Quantum superfluidity/superconductivity is the most intriguing phenomenon of quantum physics. In the superfluid state, quantum particles collectively flow in a frictionless way without losing any kinetic energy. High-temperature superconducting materials therefore hold the prospect of solving the current world’s energy crisis. However, despite substantial efforts spanning the past 38 years, the origin of high-temperature superconductivity, especially the emergence of an energy gap in the normal state preceding superconductivity, continues to elude researchers.

This energy gap without superconducting is the well-known pseudogap, whose origin is controversial and is the subject of a long-lasting debate in the condensed matter community. In one of the two mainstream interpretations, the scenario of preformed pairs, the pseudogap is produced by incoherent fluctuations of the pairing field that describes the entangled fermions due to attraction; however, superfluidity does not arise because large phase fluctuations of the pairing field cannot allow quantum particles to march in the exact same manner above the critical temperature.

The central aim of the USTC researchers’ work was to quantum emulate a simple text-book model to examine the scenario of preformed pairs, by using a table-top system of ultracold atoms.

Quantum simulation using ultracold atoms is a rapidly developing field that was established following the Nobel Prize-winning research on laser cooling of atoms in the late 1980s and on Bose-Einstein condensation in 1995. A cloud of atoms can be cooled down to incredibly low temperatures of a billionth of a degree Kelvin, just above absolute 0. At these temperatures, fermionic atoms in different hyperfine states, as the atomic analog of electrons and protons which are the building blocks of all matter, can bind together due to attraction to form Cooper pairs and consequently condense into a macroscopic quantum state, precisely following the rule of quantum mechanics.

The unique advantage of ultracold atoms is their unprecedented controllability.

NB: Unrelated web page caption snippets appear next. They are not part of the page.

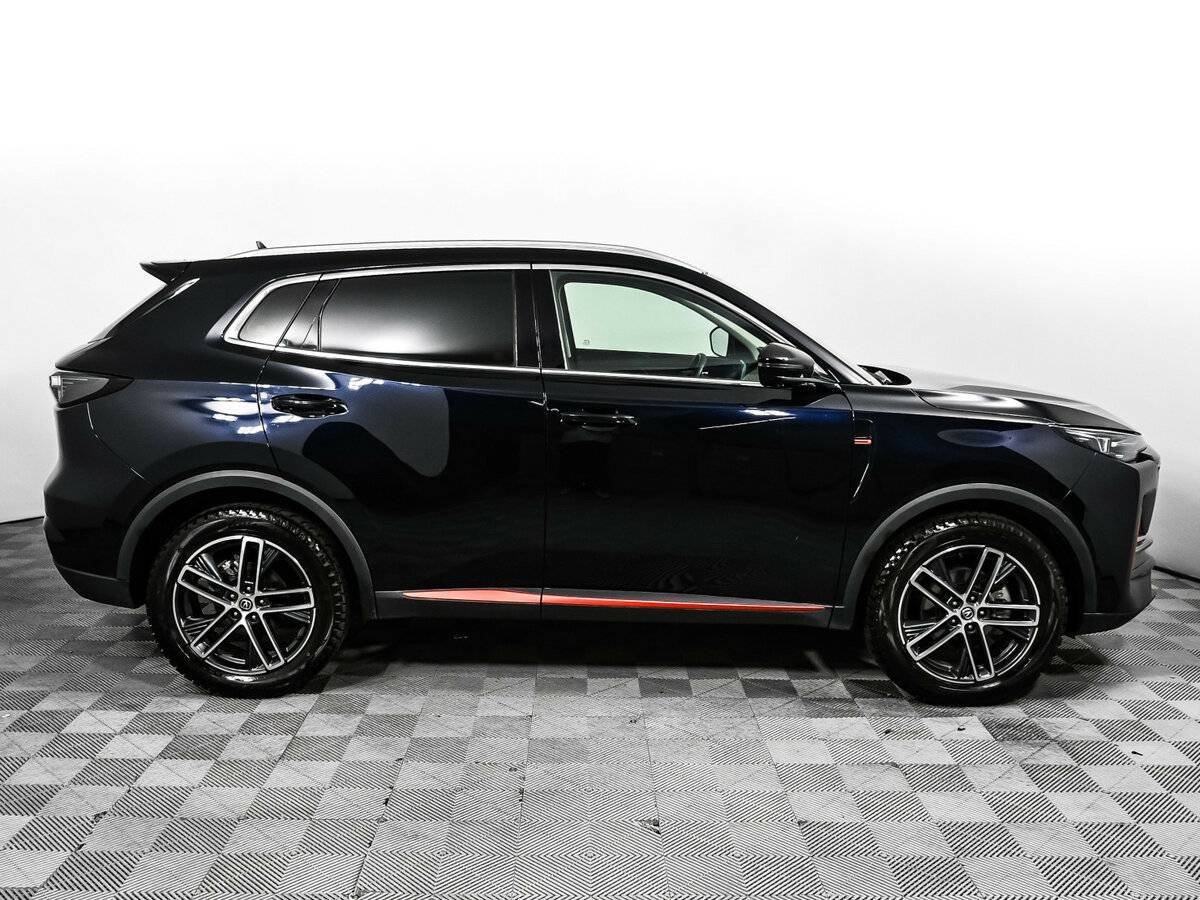 Купить Changan CS55 Plus, 2024, 26 500 км, фото №4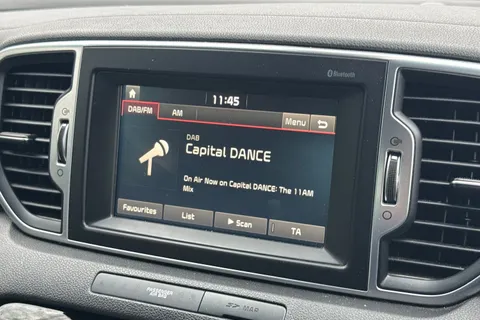 47 of 54 for KIA SPORTAGE 1.7 CRDi ISG GT-Line 5dr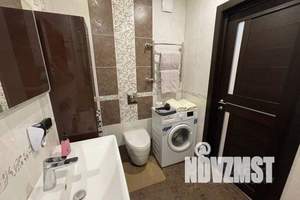 1-к квартира, посуточно, 43м2, 3/19 этаж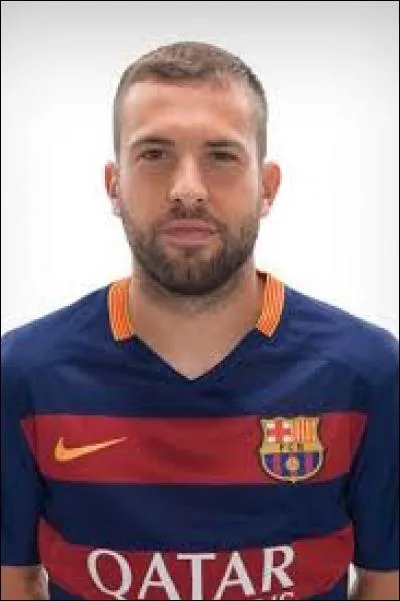 Contre quelle équipe Jordi Alba a-t-il fait ses débuts en sélection avec la Roja?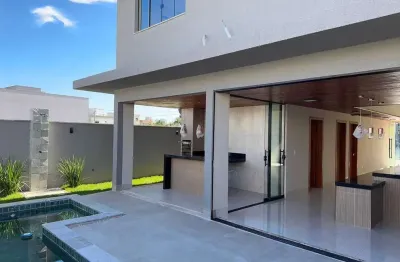 Sobrado jardins capri sobrado com 4 quarto(s) e 5 banheiro(s) à venda, 220.36 por r$ 1.570.000 no setor jardins capri sl30334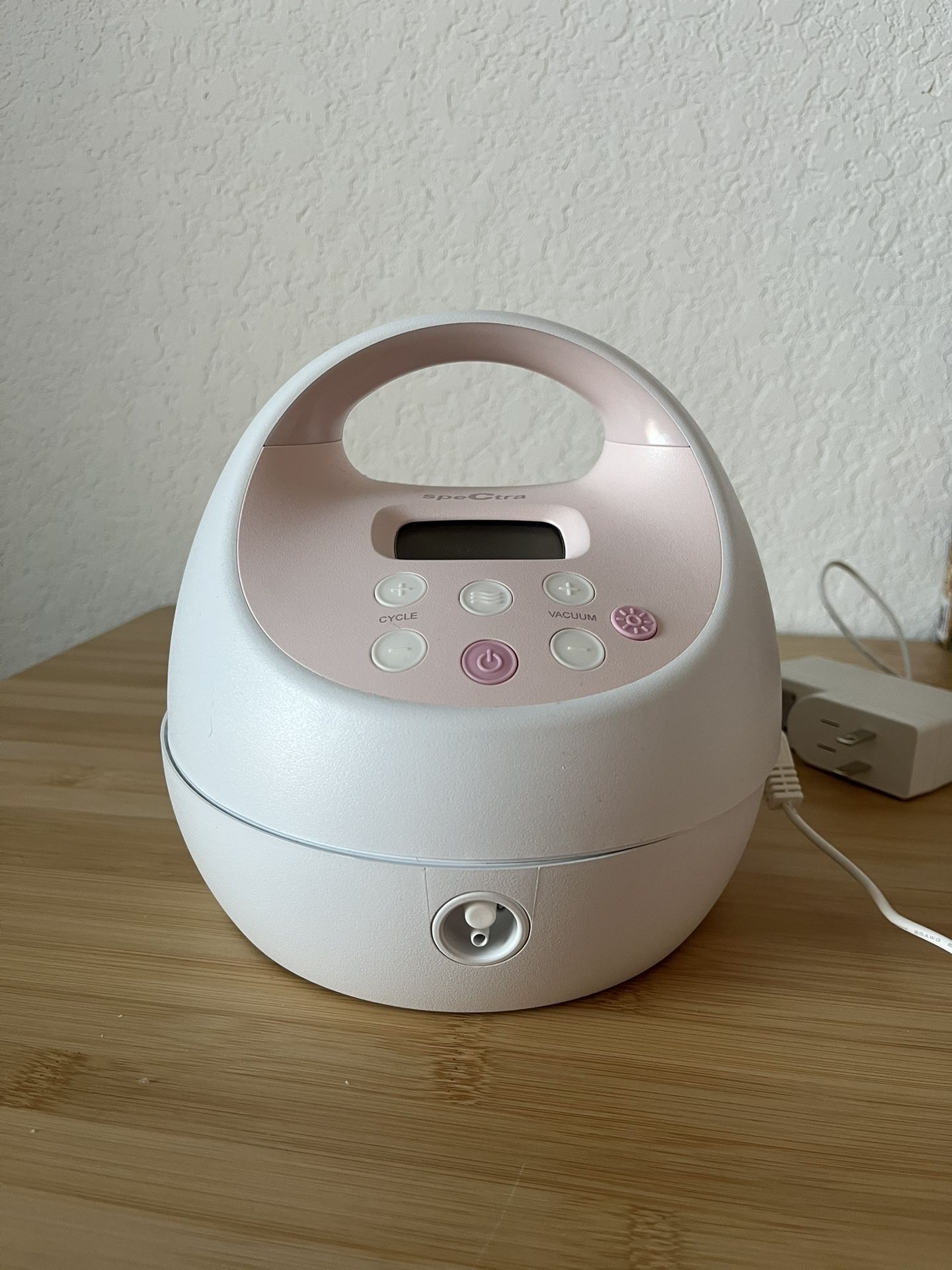 Spectra Breast Pump With Power Cord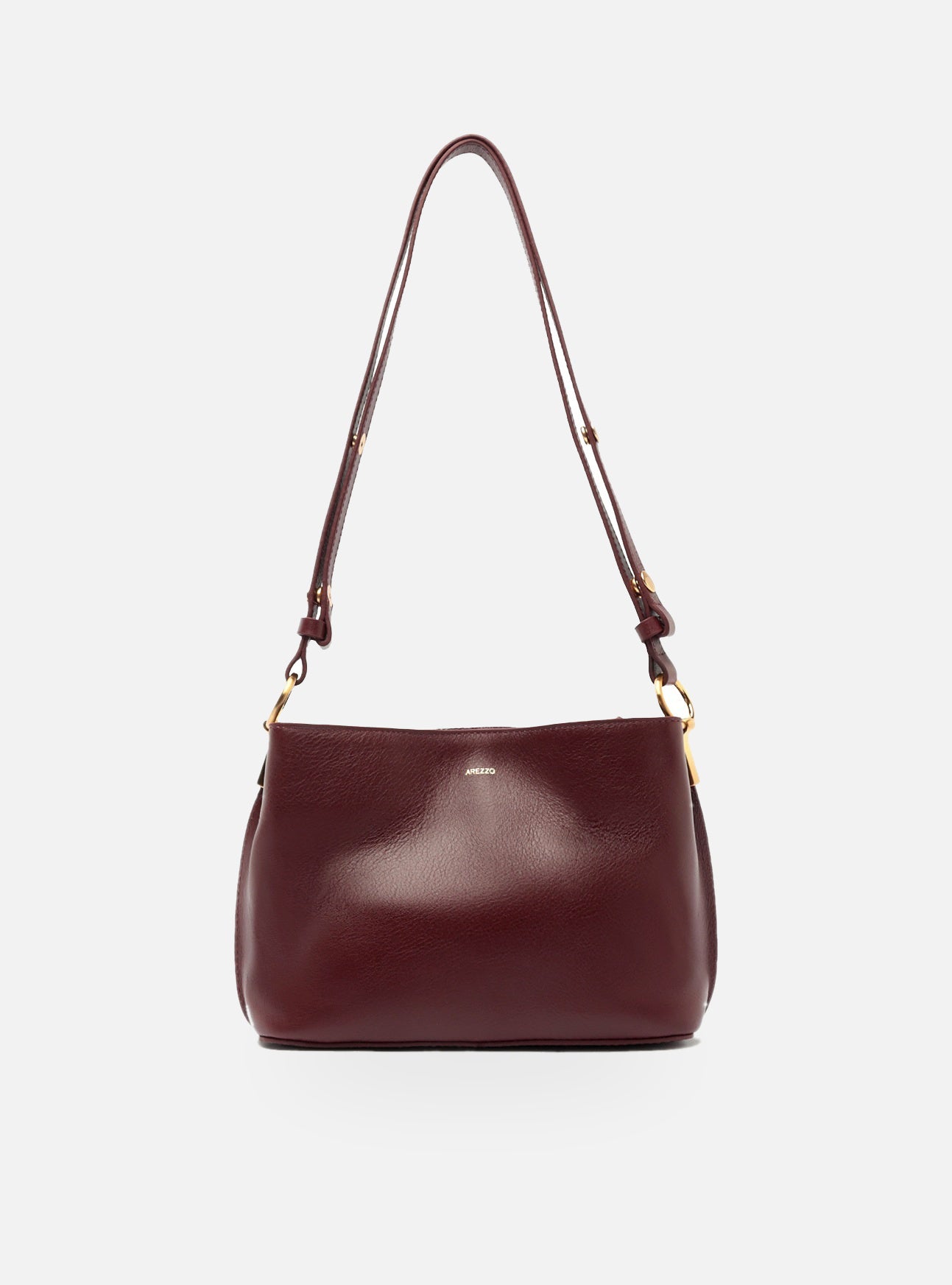 Daphne Small Leather Crossbody Handbags Fall 26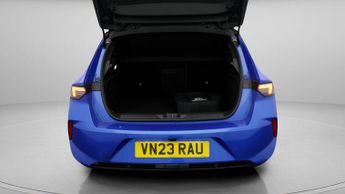 Vauxhall Astra GS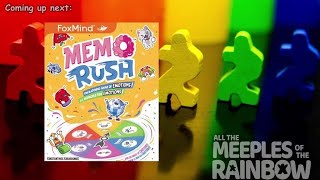 All the Games with Steph: Memo Rush screenshot 5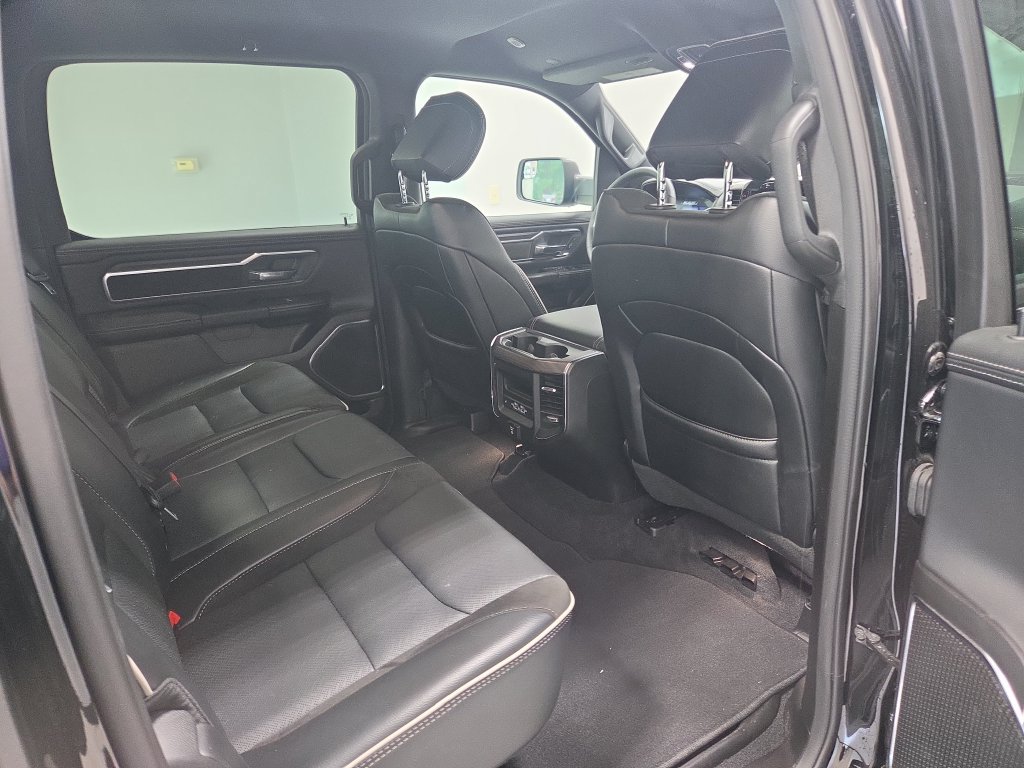 Used 2026 RAM 1500 Laramie AWD/4WD image 13
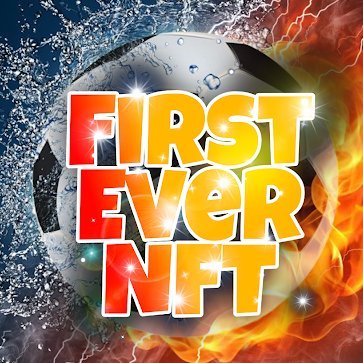 p2eAll P2E games thumbnail image of First Ever NFT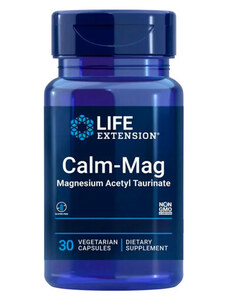 Life Extension Calm-Mag 30 St., vegetarische Kapsel, 45 mg
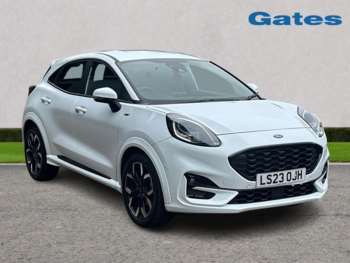 2023 - 5Dr ST-Line X 1.0 MHEV 125PS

By utilizing Feshbach resonances and applying a magnetic field at the right strength, interactions between atoms can be controlled with great precision—from arbitrarily weak to arbitrarily strong. This allows scientists to monitor, step by step, the emergence and the evolution of the pairing field in a strongly interacting Fermi cloud of about a million atoms, with decreasing temperature.

At USTC, Professor Xing-Can Yao, Professor Jian-Wei Pan, and their colleagues confined strongly attracting fermionic lithium-6 atoms into a uniform box potential and cooled them down to near absolute 0. By developing a novel technology of momentum-resolved microwave spectroscopy with high energy resolution, the pseudogap pairing above the critical superfluid transition temperature was clearly revealed for the first time.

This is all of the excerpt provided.